What's the Future of Earth's Water Supply?
The global water cycle is tied closely to climate change, agricultural practices, land use, and the environment—sometimes through complex, multi-way interactions. NSF and USDA together have awarded $25 million in research grants to find out what this means for the sustainbility of Earth’s water resources.
Through their joint Water Sustainability and Climate (WSC) program—a partnership between NSF and USDA’s National Institute of Food and Agriculture (NIFA)—the two agencies awarded 26 new grants totaling $25 million this year (this is the third set of awards for WSC).
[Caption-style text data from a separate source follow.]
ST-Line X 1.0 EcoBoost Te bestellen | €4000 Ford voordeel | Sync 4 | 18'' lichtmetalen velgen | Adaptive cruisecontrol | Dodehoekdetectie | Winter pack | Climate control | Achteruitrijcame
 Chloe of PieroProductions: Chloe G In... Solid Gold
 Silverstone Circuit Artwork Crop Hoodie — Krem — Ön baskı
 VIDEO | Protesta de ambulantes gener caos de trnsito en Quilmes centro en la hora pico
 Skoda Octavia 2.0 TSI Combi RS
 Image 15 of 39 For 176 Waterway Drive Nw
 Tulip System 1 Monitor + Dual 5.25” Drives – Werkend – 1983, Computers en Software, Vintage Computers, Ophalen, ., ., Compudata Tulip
Some of the topics addressed by the grants include:
- Climate change effects on connected agriculture and water systems
- Effects of agricultural decision making and adaptive management on food security
- Water management for regions transitioning from abundance to scarcity
- Water quality and supply in China and Ecuador
- Land use and hydrology in the Panama Canal watershed
- Water sustainability in an arid snow-fed system in the Southwest
- Decision processes, climate change, and water resources in the agricultural Midwest
“The mounting pressures of population increases, land use changes, and climate change underscore the need to understand the role of water,” said Tom Torgersen, lead WSC program officer for NSF. According to NIFA director Sonny Ramaswamy, the new grants are “critically important to our understanding of how the water system is affected by external factors, which ultimately helps farmers and rural communities prepare for future challenges."